Pressler, Current N.J. Court Rules, comment 1.2.1 on R. 3:7-3 (2010).
It is clear, however, that "[a] jury may not convict on a theory of guilt not advanced by the State at trial and not charged by the court." State v. Burnett, 245 N.J. Super. 99, 105 (App. Div. 1990), certif. denied, 126 N.J. 340 (1991). "A conviction of an offense for which a defendant is not charged and which is not a lesser included offense of that designated in the complaint cannot stand." State v. Koch, 161 N.J. Super. 63, 67 (App. Div. 1978).
The robbery statute provides alternative means by which a defendant may be convicted of robbery; a defendant is guilty of robbery if, in the course of committing a theft, he "(1) [i]nflicts bodily injury or uses force upon another; or (2) [t]hreatens another with or purposely puts him in fear of immediate bodily injury[.]" N.J.S.A. 2C:15-1(a) (emphasis added).

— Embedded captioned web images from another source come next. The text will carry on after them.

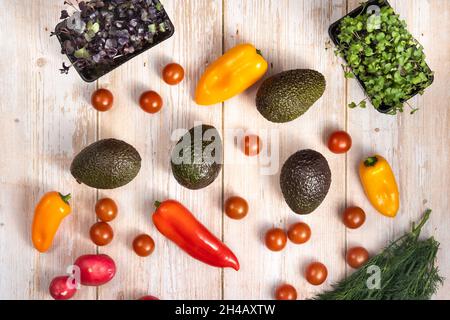 Verdure assortite adagiate su un tavolo di legno. Foto Stock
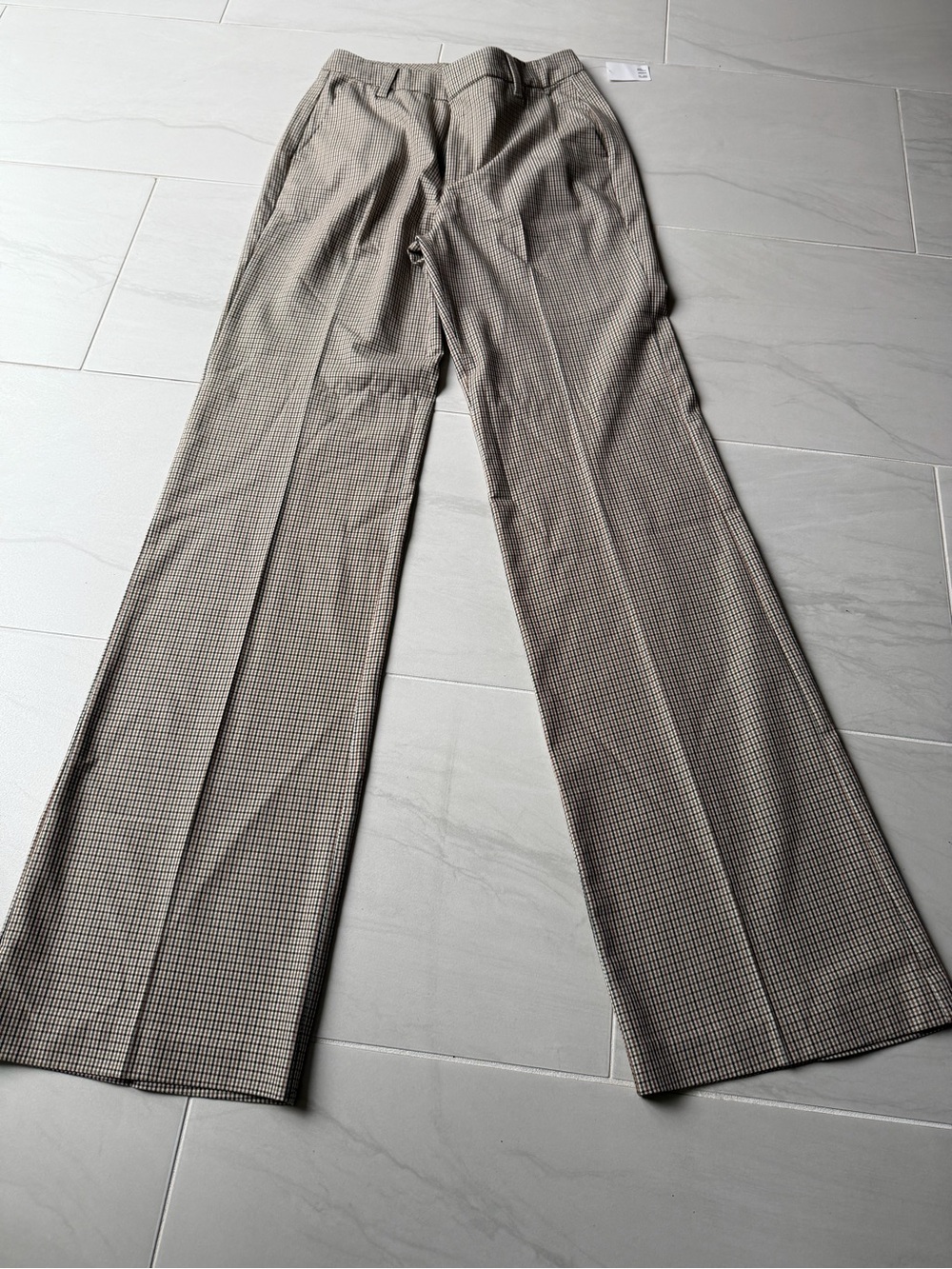 GAP khakis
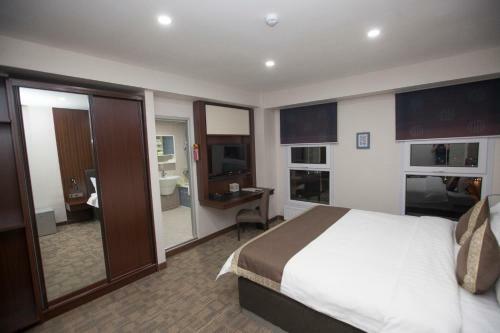 Ub Inn Hotel & Gallery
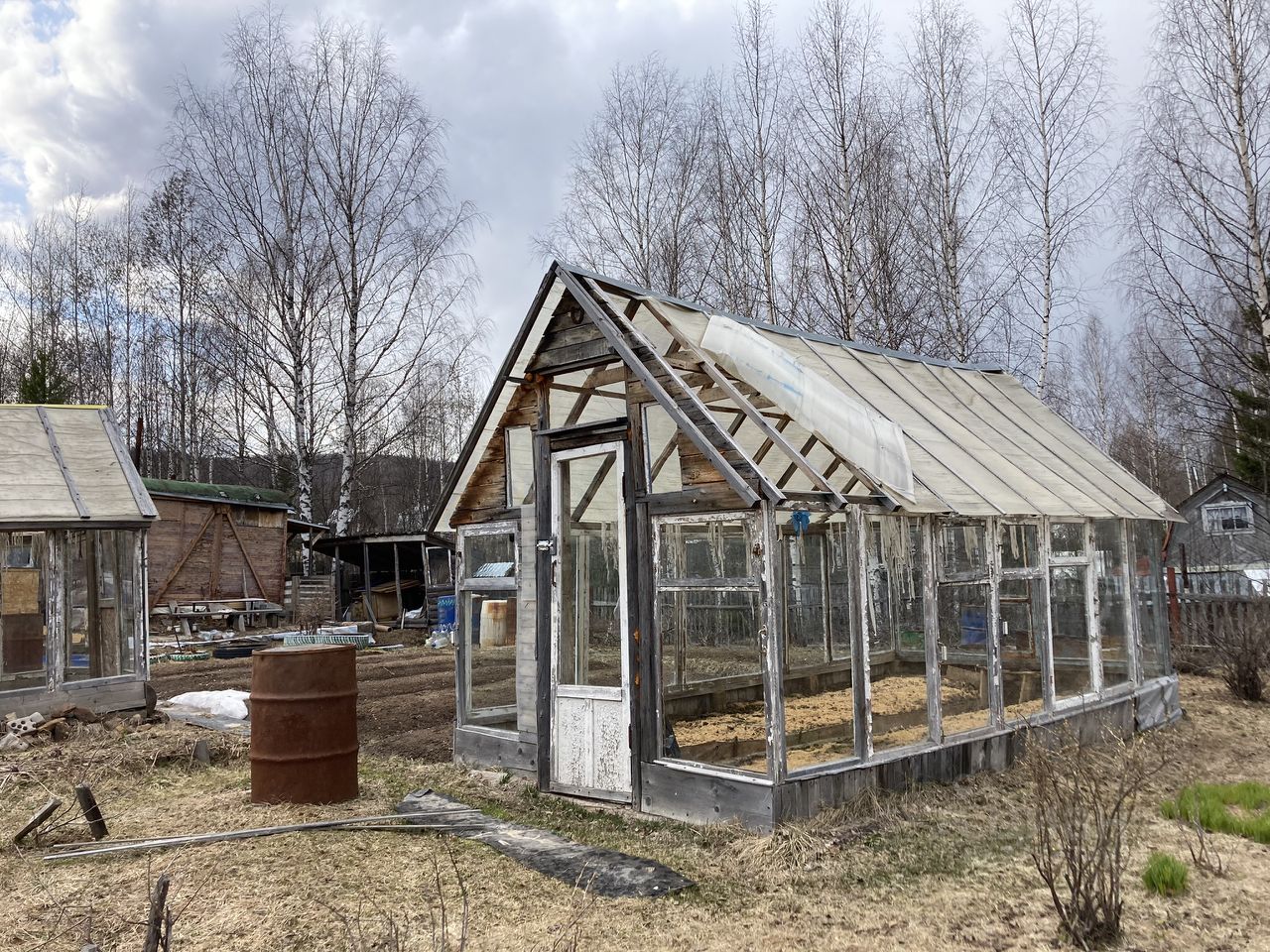 Купить загородную недвижимость на улице 9-я Садовая в садовое товарищество  Каменный Цветок в городе Губаха, продажа загородной недвижимости - база  объявлений Циан. Найдено 1 объявление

The jury was charged as follows:
In order for you to find the defendant guilty of robbery, the state is required to prove each of the following elements beyond a reasonable doubt. That the defendant was in the course of committing a theft. That while in the course of committing that theft, the defendant A, knowingly inflicted bodily injury or used force upon another or threatened another with or purposely put another in fear of immediate bodily injury. [Emphasis added.]
Defendant asserts that it was error to instruct the jury that he could be found guilty of robbery for having "threatened another with . . . immediate bodily injury" during a theft or attempted theft when he was charged in the indictment only with actually using force against his victims. Defendant argues that "the court's charge allowed for a conviction based on the threat of immediate bodily injury, which was not charged against either defendant in the indictment." In support of his argument, defendant relies primarily upon State v. Begyn, 58 N.J. Super. 185, 201 (App. Div. 1959), aff'd, 34 N.J. 35 (1961), overruled in part by State v. Savoie, 67 N.J. 439 (1975), and Koch, supra, 161 N.J. Super. at 67.
Defendant's reliance on Begyn and Koch is unvailing. In Begyn, we reversed the defendant's conviction not because the judge charged the jury on a different subsection of the statute than the one referenced in the indictment, which is the case here, but instead because the judge's charge to the jury omitted the key element of the common-law crime of misconduct in public office. Id. at 198, 201. In Begyn, both the crime in question and the indictment required the State to prove that in his official capacity, the defendant made an agreement that was adverse to the public interest. Id. at 190-91. The judge's charge to the jury, however, misinformed the jurors that all that was needed to find the defendant guilty of misconduct was that the defendant accepted money from a garbage removal company. However, the judge failed to instruct the jury that the State was also required to prove the existence of the corrupt agreement, which was a necessary element of the offense. Id. at 198. Thus, our reversal of the defendant's conviction in Begyn was the result of the judge's improper omission of an element of the offense. It was not the result of permitting a jury to consider a violation of a different subsection of the statute than that charged in the indictment. Thus, Begyn is inapposite.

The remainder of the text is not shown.